Ratio einer solchen Regelung muss die Vermeidung von Interessenkonflikten sein: Gesetzesgebundene Organwalter sollen sich nicht selbst als Abgeordnete binden und kontrollieren (BVerfGE 38, 326 (339); 58, 177 (183) – stRspr). Daher gilt Art. 137 I nur für Wahlen zu Volksvertretungen in Bund, Ländern, Gemeinden, aber auch zu Kreistagen (BVerfGE 58, 177 (191)). Die Gewaltenteilung (Art. 20 II) ist das Schutzgut (BVerfGE 40, 296 (321)); dieser Regelungszweck bestimmt durchgehend und ausschließlich den Regelungsbereich, andere (gesetzgeberische) Zielsetzungen wären nicht zulässig.

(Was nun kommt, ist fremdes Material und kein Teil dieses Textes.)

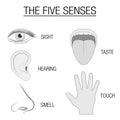 Five Senses Sensory Organs Chart Royalty Free Stock Photo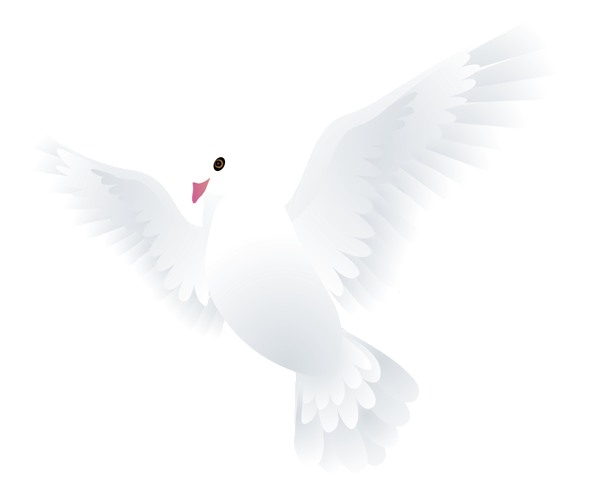 This png image - Dove Transparent PNG Clip Art Image, is available for free download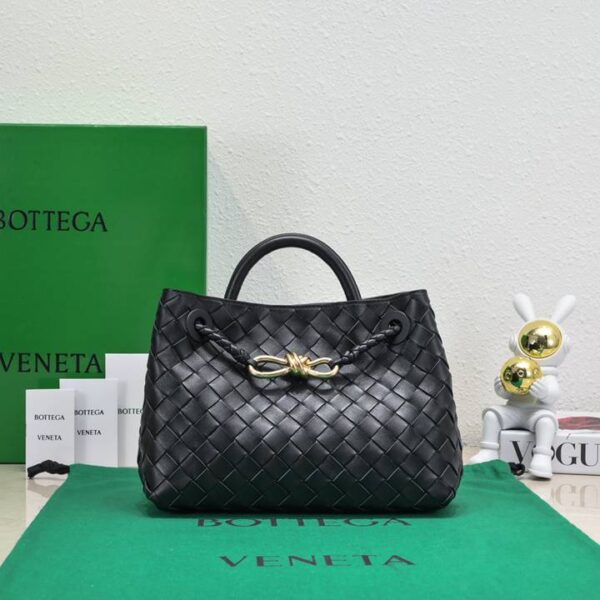 Bottega Veneta バッグ ボッテガ ヴェネタ レディースバッグ  SIZE:25x19x10.5cm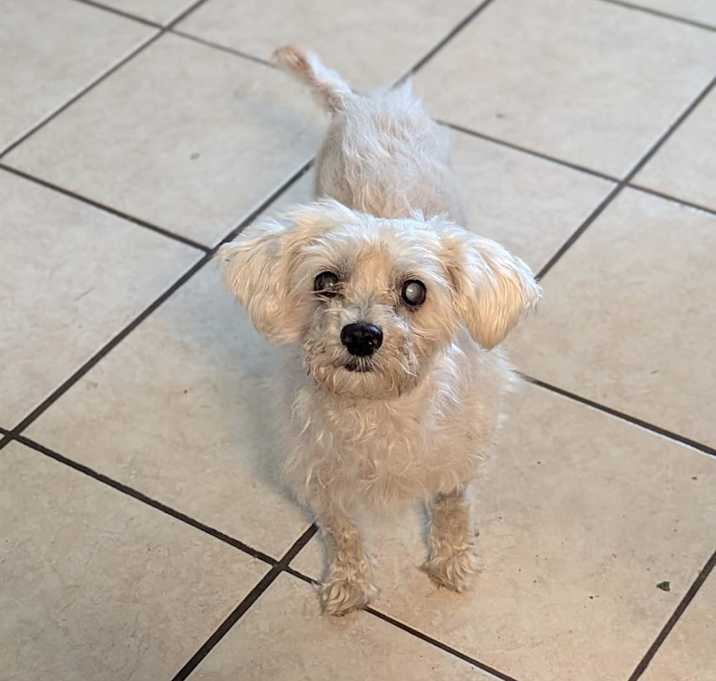 Photo of Rusty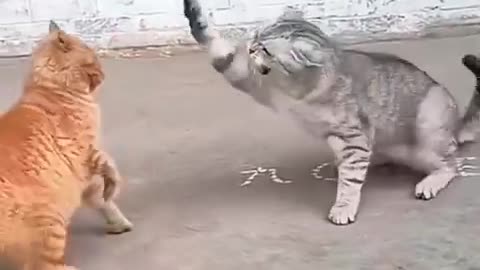 Try not to laugh challenge part 2 😂😂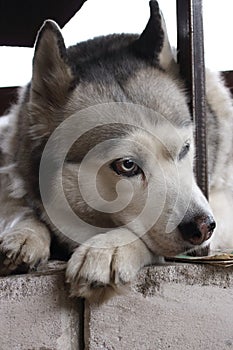 Sad husky dog with blue eyes lying and waiting for owner. Pensive dog.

Art. 137 I gestattet nur Beschränkungen, nicht einen Ausschluss der Wählbarkeit (BVerfGE 12, 73 (74); 58, 177 (193) – stRspr), wenn Interessenkonflikte so vermieden werden können. Daher wird Inkompatibilität zwischen öffentlicher (Amts-)Tätigkeit und Mandatsausübung als Beschränkung der Wählbarkeit verstanden: Der Betroffene muss erst nach der Wahl entscheiden, welche Tätigkeit er ausüben will. Die Mandatsübernahme kann – muss aber nicht – durch „Folgeregelungen“ erleichtert werden, etwa Abgeordnetenentschädigung (BVerfG [K] NVwZ 1996, 2499; vgl. § 11 AbgG) oder Anspruch auf dienstliche Wiederverwendung (BVerfGE 98, 145 (156); § 6 AbgG); innerhalb der Folgeregelungen darf allerdings nur nach sachlichen Gesichtspunkten differenziert werden (BVerfGE 58, 177 (193)).
Der personelle Anwendungsbereich des Art. 137 I kann einheitlich bestimmt werden – für alle Angehörigen des „öffentlichen Dienstes“ (BVerfGE 40, 296 (320 f.) – stRspr; § 5 I 1 AbgG); da dies aber kein eindeutiger Verfassungsbegriff ist, gelten die Konkretisierungen des öffentlichen Dienstrechts: Beamte sind alle Organwalter iSd Beamtenrechts des Bundes (nach Art. 33 IV, V, § 2 I BBG, § 2 I BRRG) und der Beamtengesetze der Länder (BVerfGE 57, 43 (59 f.) – stRspr), dh auch alle Beamten auf Probe, Widerruf, Zeit, auch Wahlbeamte auf Zeit (BVerfGE 18, 172 (186 f.)), nicht aber Ruhestands- (BVerfGE 57, 43 (62)), Ehren- (BVerfGE 18, 172 (184)) und Kirchenbeamte (BVerfGE 42, 312 (338 f.), was durch die Kirchen abw. geregelt werden kann). Richter sind hier nicht nur staatliche Berufsrichter (vgl. §§ 1, 2 DRiG), sondern auch ehrenamtliche Urteiler (str.; vgl. aber Rn. 2). Auf privatrechtlich Beschäftigte der öffentlichen Hand ist die Vorschrift nur anwendbar (vgl. BVerfGE 38, 326 (338 f.); 48, 64 (83 f.)), wenn ihre berufliche Tätigkeit Interessenkonflikte mit Gesetzgebungstätigkeit besorgen lässt, etwa bei leitender Tätigkeit, also nicht bei untergeordnet Beschäftigten (Arbeitern, BVerfGE 48, 64 (85)). Beherrschung eines Unternehmens durch die öffentliche Hand (mehr als 50 % Staatsbeteiligung) führt idR zur Anwendung der Inkompatibilitätsregelungen. Wahl in private Vertretungsgremien erfüllt den Tatbestand aber nicht.